Some things are far more important than Brexit and today was one of them.
 
This has been a very active thread, which has suitably chronicled the events of the day, but I'm somewhat troubled as to why very few posters appear willing to unequivocally characterise our Prime Minister as a ****.
I am happy to so do. Boris Johnson is, unequivocally, a complete ****.
 
Oh dear - 2 talking heads on Sky news paper review defending Johnson when the first headline ( the FT ) calls for him to go - Brendan O'Neill of Spiked ( an avowed supporter of free speech and the law ) claiming that the courts now run the country because they are in the pocket of the wealthy elite who are all remainers. Has he canvassed them all?
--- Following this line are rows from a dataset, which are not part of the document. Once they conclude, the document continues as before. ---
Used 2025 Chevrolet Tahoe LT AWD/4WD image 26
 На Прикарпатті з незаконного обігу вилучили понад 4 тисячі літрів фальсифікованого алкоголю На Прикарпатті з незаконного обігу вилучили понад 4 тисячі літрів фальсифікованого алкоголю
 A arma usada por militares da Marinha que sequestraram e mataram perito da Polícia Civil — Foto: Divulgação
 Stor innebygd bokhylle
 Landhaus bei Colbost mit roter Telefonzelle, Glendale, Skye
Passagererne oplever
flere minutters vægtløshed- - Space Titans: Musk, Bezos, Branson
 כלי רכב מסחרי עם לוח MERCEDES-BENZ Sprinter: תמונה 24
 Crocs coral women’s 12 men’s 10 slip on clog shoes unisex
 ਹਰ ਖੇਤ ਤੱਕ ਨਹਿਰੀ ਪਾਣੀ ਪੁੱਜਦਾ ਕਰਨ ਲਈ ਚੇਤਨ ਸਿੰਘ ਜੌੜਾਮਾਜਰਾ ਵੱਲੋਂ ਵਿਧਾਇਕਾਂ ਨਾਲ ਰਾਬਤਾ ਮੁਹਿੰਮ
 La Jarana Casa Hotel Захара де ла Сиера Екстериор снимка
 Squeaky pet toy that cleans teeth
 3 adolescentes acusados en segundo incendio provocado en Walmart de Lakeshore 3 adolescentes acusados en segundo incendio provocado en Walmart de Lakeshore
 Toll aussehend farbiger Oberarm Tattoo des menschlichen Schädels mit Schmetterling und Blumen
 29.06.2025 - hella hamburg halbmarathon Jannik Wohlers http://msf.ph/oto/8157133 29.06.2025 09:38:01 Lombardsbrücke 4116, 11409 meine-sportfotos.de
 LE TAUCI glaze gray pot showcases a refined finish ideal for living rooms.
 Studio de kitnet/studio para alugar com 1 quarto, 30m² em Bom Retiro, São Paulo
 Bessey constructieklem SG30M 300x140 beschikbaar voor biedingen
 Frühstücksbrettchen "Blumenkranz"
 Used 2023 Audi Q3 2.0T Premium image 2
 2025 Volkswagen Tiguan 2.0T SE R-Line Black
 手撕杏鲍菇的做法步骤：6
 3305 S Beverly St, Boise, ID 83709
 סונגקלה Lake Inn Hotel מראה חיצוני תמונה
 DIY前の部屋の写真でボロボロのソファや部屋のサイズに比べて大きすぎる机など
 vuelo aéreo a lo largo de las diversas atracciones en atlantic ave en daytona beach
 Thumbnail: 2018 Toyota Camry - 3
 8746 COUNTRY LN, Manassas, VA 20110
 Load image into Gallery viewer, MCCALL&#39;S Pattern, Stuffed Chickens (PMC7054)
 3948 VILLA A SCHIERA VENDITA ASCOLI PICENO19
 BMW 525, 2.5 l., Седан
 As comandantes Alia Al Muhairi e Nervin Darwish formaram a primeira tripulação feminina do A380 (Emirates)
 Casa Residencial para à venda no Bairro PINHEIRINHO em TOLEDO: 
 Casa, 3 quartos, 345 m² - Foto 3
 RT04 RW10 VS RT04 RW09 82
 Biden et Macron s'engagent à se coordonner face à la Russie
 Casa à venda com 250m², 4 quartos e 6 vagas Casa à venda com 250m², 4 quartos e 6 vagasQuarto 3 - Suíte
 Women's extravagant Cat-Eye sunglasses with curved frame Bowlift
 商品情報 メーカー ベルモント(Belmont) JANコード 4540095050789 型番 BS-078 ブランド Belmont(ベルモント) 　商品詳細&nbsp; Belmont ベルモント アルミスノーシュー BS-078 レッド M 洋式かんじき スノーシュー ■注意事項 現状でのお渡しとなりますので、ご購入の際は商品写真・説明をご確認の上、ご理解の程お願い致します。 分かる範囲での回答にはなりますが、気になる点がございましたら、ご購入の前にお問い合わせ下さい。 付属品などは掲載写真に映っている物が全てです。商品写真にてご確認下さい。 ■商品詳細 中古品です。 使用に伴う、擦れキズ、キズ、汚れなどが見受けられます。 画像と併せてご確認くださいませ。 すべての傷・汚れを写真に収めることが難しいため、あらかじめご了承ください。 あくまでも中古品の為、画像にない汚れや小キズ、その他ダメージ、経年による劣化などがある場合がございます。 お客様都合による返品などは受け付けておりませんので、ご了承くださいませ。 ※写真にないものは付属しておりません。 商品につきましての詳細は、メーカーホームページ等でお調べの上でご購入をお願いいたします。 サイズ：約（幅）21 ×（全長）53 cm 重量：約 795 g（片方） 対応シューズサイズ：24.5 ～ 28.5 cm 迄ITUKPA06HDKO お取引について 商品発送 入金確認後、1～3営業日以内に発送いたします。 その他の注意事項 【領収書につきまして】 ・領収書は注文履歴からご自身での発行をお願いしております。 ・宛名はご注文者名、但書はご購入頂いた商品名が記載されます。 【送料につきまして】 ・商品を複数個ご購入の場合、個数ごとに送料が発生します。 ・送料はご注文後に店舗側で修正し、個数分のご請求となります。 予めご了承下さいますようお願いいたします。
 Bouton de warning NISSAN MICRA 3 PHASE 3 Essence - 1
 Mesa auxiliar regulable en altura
Aren't Johnson, JRM and others wealthy and elite?

When asked won't he face calls from opposition leaders to resign the answer is "he doesn't have to do what the opposition say" ....................likewise the opposition don't have to grant him a GE. Let him stew and look more and more absurd.
 
The pivotal issue is that Parliament handed over their supervision of the executive to the courts by failing to allow a GE.

They failed to fall for Boris’s trap of forcing through a no deal during an election campaign, by not allowing parliament to act.

The minute that deadline of Oct 31st is over, it’ll be full steam ahead to get those rotten fascist cunts out of Downing St.